# San Francisco



## branden (Apr 29, 2011)

I live near San Francisco, but sometimes I pretend to be a tourist. These are all from the same day, a couple weeks ago. I didn't get as early a start as I wanted, but, hey, I live close, I can go again.


----------



## distant.star (Apr 29, 2011)

I like the pictures, but I'm curious.

What's the difference between being a tourist and pretending to be a tourist? Seems to me you're either touring or you're not.


----------



## branden (Apr 30, 2011)

Hrm... I guess there's not really any difference


----------



## ronderick (May 9, 2011)

Maybe it's different for others, but in my case, I see things in a different light when there's a camera in my hands. This is the one of first pics I took during my recent visit to the city. While I live near the Great Highway, it never occured to make to get up early - until now 8)


----------



## sharagim1 (May 11, 2011)

ronderick said:


> Maybe it's different for others, but in my case, I see things in a different light when there's a camera in my hands. This is the one of first pics I took during my recent visit to the city. While I live near the Great Highway, it never occured to make to get up early - until now 8)



great shot


----------



## ronderick (May 12, 2011)

sharagim1 said:


> ronderick said:
> 
> 
> > Maybe it's different for others, but in my case, I see things in a different light when there's a camera in my hands. This is the one of first pics I took during my recent visit to the city. While I live near the Great Highway, it never occured to make to get up early - until now 8)
> ...



Thanks!

Actually, the shot would have been more dramatic if I didn't take a wrong turn and lost 20 minutes or so.
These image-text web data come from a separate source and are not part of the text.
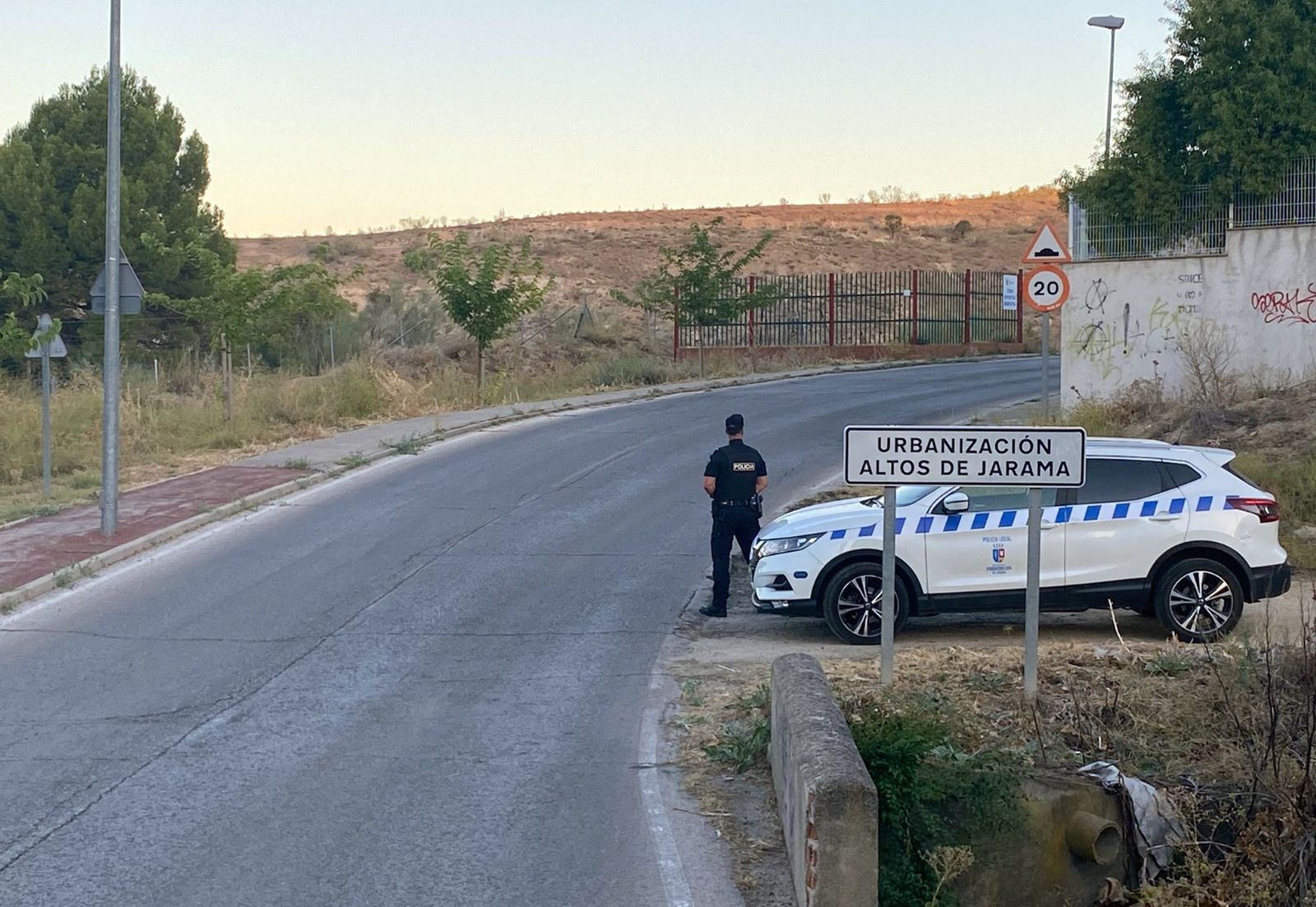 Policía de Paracuellos en el acceso a una zona residencial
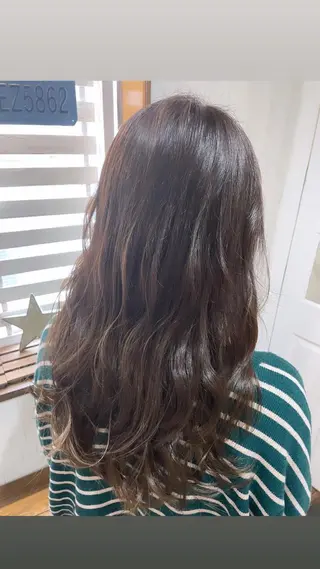 セミロング カラー 西川 敏夫のヘアスタイル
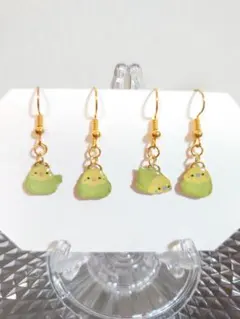 ハンドメイド　鳥　セキセイインコ　ピアス　レジン　グリーン　イエロー　セット1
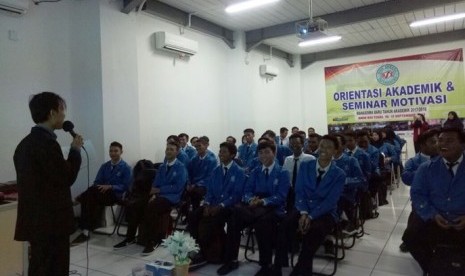 AMIK BSI Tegal menggelar Seminar Motivasi 2017.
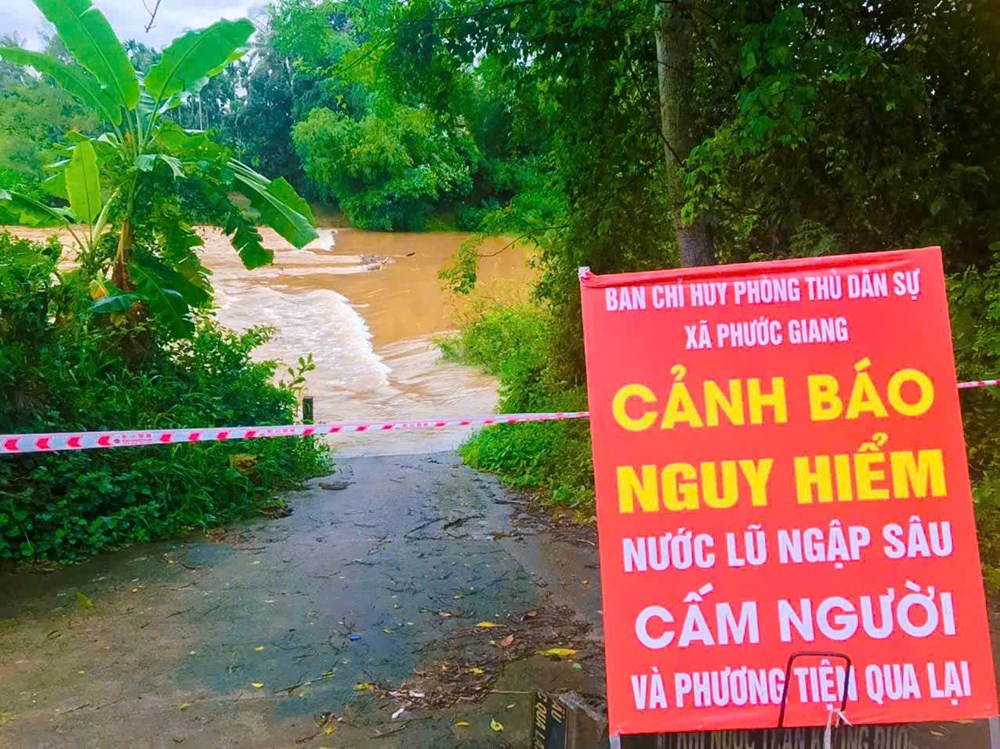 Tập trung ứng phó bão số 12 và mưa lớn gây nguy cơ ngập lụt, sạt lở đất, lũ quét - ảnh 4
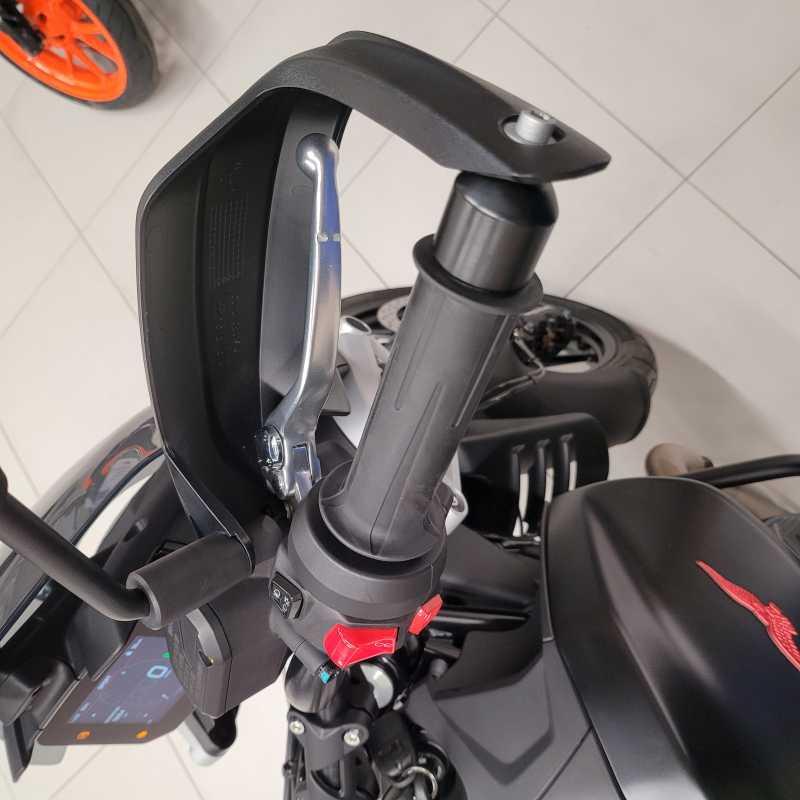 Moto Guzzi V85 Strada - 2025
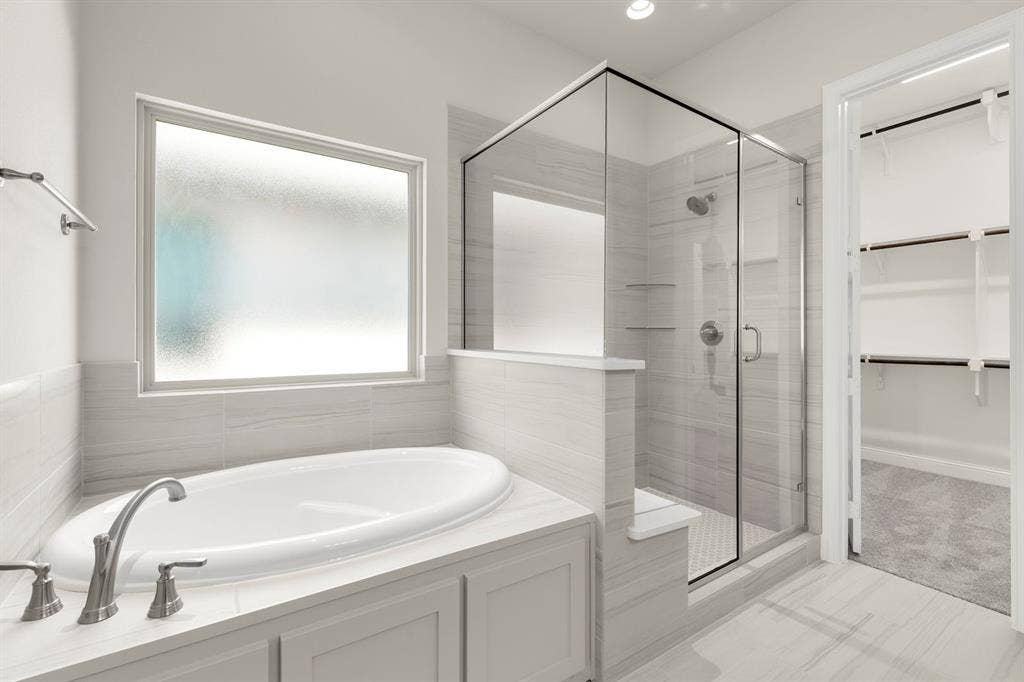 17_18. 3907 Lochwood - Bath (2).jpg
There were actually a lot of red in the morning sky, which was gone by the time I got to Sutro Park...


----------



## sharagim1 (May 12, 2011)

ronderick said:


> sharagim1 said:
> 
> 
> > ronderick said:
> ...


----------



## ronderick (May 13, 2011)

sharagim1 said:


> can i ask what was your equpment for these shots and your setup if you remember?
> thanks for response



I took this shot with the 1D4 + TSE 17mm, mounted on Gitzo tripod and using cable release.
The settings were: ISO 100, f/14, 1/6 sec., WB: Cloudy


----------



## neuroanatomist (May 13, 2011)

I miss SF! I grew up in the Bay Area, and both my wife and I went to Cal. Here's a shot of the waterfall at Yerba Buena Gardens from a trip back, early last year and not long after I got my first dSLR. Taken handheld on an evening walk.




Rebel T1i, EF-S 17-55mm f/2.8 IS USM @ 17mm, 1/8 s, f/2.8, ISO 200


----------